The narrator writes to a unnamed friend since the description of the ghostly figures seems familiar. His friend writes back about Mr. Justice Harbottle who lived in the house. Besides describing the house, which the correspondent had visited the first time as a boy in 1808. His father actually saw Harbottle before he died in 1748. Harbottle was 67.
Harbottle was known as “the wickedest man in England”, a man of some intellect and much sarcasm which he showed on the bench. He was a corrupt judge.
He had carried cases his own way, it was said, in spite of counsel, authorities, and even of juries, by a sort of cajolery, violence, and bamboozling, that somehow confused and overpowered resistance.
He was “dangerous and unscrupulous”. He associated with bad sorts in the off hours, and they certainly were unconcerned about his character.
One night in 1746, an anonymous and elderly man showed up telling Harbottle there is a conspiracy against him. The man mentions a prisoner charged with forgery named Lewis Pyneweck. A secret tribunal has been formed to consider the conduct of judges, and Harbottle is to be investigated. The elderly gentleman doesn’t have the names of anybody on the tribunal, but he offers to keep the judge informed after he knows some names in a couple of days. The conspiracy goes by the name the “High Court of Appeal”.
The gentleman finally identifies himself as Hugh Peters, a Whig and gives his address. When Harbottle asks him how he even knows about this, Peters tells him that he knows someone who joined the plot but thought better of the “unexpected wickedness of their plans” and has become an informer for the Crown. His informer hasn’t been introduced to the club yet. Harbottle tells him that, when his informer has more information, he should go to the attorney general.

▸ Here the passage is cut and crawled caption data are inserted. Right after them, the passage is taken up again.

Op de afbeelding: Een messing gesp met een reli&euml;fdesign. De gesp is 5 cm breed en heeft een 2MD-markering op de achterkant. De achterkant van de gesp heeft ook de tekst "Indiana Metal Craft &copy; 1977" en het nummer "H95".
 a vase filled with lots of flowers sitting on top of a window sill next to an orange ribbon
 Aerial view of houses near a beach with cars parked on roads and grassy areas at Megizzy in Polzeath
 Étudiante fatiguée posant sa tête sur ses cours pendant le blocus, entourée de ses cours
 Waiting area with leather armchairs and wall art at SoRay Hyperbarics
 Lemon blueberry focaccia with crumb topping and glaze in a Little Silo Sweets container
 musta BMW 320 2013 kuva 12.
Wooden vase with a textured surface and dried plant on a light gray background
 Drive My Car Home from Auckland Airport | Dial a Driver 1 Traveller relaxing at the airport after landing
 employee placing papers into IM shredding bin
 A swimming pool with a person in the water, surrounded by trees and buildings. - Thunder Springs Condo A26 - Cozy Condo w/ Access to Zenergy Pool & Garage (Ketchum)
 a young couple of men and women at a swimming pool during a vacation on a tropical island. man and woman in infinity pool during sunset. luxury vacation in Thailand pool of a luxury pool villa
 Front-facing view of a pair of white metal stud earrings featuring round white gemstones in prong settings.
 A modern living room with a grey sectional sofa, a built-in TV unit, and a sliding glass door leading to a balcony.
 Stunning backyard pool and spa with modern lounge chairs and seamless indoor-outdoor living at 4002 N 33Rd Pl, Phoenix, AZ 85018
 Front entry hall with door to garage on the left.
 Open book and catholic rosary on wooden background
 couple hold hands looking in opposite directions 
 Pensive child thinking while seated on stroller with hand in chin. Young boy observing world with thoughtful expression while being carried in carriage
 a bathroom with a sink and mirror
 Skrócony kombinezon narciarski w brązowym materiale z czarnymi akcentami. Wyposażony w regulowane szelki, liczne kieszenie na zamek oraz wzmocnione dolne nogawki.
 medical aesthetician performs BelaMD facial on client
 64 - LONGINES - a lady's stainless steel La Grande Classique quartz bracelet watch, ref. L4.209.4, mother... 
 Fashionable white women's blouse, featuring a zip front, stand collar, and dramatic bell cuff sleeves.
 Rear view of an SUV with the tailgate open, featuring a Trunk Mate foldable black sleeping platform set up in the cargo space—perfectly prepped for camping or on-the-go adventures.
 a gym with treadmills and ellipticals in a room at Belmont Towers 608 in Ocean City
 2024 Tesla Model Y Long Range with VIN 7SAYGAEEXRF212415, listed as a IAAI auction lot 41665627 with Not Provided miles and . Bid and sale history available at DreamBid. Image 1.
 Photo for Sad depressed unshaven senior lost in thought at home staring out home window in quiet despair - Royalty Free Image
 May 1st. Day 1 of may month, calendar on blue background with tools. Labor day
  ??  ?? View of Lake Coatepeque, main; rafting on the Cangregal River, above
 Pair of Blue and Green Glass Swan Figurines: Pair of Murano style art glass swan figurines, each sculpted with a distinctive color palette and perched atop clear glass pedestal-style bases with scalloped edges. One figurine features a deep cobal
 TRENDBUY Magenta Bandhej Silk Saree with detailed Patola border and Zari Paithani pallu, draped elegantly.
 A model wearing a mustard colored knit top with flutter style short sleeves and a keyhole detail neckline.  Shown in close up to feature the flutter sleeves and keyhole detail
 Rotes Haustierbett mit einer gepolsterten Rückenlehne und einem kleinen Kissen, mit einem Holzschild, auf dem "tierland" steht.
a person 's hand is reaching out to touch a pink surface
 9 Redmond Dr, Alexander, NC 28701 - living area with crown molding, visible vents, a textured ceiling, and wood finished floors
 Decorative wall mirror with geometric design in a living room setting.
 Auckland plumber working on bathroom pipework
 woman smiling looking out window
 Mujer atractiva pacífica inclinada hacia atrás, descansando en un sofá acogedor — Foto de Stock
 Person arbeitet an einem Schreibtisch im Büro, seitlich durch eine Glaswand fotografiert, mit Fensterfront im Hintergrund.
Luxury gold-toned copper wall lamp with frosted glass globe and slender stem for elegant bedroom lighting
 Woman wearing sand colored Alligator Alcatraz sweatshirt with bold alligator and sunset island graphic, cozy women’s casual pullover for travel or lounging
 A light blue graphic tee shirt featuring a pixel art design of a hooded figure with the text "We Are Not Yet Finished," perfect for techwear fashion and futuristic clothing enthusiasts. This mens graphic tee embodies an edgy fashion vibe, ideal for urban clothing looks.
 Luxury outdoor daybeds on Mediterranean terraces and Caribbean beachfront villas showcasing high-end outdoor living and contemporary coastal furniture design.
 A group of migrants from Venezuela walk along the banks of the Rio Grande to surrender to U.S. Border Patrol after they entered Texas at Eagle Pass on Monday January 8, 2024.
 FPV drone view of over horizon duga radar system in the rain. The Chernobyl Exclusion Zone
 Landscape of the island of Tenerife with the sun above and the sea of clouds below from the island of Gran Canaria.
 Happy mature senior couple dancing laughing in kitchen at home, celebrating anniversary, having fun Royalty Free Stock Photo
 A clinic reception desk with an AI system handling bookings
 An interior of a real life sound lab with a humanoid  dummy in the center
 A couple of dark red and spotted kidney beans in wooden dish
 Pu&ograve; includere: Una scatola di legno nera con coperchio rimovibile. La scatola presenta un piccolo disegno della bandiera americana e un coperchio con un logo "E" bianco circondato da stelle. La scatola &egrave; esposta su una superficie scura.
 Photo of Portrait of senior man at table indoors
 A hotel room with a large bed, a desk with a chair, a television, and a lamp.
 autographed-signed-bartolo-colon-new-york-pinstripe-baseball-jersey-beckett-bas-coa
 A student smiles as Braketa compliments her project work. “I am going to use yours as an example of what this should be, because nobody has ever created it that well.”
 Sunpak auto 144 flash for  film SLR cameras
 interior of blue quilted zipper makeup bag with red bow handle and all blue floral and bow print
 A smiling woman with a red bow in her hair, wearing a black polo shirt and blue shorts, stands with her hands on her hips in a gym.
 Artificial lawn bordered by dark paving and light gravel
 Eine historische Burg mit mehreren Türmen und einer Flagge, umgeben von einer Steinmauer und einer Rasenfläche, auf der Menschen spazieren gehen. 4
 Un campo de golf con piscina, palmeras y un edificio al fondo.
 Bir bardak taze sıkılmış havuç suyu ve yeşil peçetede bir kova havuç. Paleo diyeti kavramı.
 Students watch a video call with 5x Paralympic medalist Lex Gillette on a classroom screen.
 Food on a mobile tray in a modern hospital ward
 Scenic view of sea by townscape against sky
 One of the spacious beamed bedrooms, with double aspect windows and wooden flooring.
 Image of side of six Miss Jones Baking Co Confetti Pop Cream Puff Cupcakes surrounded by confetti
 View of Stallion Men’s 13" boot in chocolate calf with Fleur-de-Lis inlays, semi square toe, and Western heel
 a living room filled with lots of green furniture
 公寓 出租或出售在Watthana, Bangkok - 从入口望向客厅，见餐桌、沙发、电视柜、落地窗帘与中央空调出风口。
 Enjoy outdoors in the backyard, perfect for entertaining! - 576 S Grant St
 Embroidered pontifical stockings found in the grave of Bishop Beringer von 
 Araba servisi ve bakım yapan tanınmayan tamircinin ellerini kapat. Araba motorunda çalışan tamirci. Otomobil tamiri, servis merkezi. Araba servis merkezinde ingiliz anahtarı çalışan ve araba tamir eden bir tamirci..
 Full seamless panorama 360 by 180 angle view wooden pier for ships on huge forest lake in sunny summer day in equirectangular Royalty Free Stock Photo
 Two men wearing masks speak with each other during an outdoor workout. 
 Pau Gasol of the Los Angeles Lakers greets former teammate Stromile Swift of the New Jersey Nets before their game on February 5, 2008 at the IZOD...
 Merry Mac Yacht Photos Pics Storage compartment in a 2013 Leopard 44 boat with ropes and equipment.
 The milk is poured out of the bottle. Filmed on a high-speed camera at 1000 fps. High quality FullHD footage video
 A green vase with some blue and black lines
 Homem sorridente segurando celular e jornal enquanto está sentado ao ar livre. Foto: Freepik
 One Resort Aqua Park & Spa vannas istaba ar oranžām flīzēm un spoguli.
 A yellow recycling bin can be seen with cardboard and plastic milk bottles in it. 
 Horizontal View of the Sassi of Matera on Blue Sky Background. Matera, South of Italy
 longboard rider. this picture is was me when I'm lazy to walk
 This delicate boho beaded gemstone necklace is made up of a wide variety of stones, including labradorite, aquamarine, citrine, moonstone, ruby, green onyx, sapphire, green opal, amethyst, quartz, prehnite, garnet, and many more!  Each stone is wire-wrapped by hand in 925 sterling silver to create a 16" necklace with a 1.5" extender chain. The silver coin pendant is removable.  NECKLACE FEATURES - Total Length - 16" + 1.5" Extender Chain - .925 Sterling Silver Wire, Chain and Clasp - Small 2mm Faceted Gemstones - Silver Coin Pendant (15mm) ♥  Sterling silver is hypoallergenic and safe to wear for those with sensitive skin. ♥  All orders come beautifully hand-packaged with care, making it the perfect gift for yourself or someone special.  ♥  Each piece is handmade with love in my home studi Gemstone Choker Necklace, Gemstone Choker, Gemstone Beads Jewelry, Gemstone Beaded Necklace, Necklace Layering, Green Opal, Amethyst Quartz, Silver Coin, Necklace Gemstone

Harbottle also wants to know what Pyneweck has to do with all this. Peters doesn’t know, but he advises Harbottle not to try the case. Peters says he can come back the next morning. Harbottle warns him he better not be tricking him.
After Peters leaves, Harbottle remarks that Peters either painted his face or is very sick. Harbottle does send a footman to follow Peters. The footman catches up with him and offers to escort him home. Peters then claims he dropped a guinea and needs help finding it. The footman stoops to look, and Peters clubs him over the head. It seems Peters is not as winded or feeble as he appeared.
Harbottle is actually pleased to hear this. It confirms his suspicion that Peters was a “disguised ‘affidavit man,’ or footpad” sent to trick him. He is more determined than ever to try Pyneweck. We get an aside about the
criminal code of England, at that time a rather pharisaical, bloody and heinous system of justice.
(Le Fanu was trained as a lawyer but never practiced.)
We learn that Harbottle has some connection with Pyneweck. He rented lodgings from him until Pyneweck mistreated his wife. Harbottle did Pyneweck “a grievous wrong” some five or six years ago, but Harbottle’s conscience isn’t bothered by that or much else. Pyneweck takes the view that at least 99 out of a 100 people brought to trial are guilty. Harbottle, unlike his weak and learned brother, appreciates what is necessary to “keep the high-roads safe, and make crime tremble”. Harbottle follows the old saying “Foolish pity Ruins a city.”
Then we are introduced to another character, “a saucy-looking woman, still handsome”. She is Mrs. Pyneweck’s, officially Harbottle’s housekeeper but actually his mistress. She has a letter from her husband, and she wants to know if the judge can do anything for him. Yes, he can, he replies – “Hang him.”
Then he asks Mrs. Pyneweck if she’s actually falling in love with her husband. She replies he’s always been a “bad one to me” but asks if Harbottle is getting jealous.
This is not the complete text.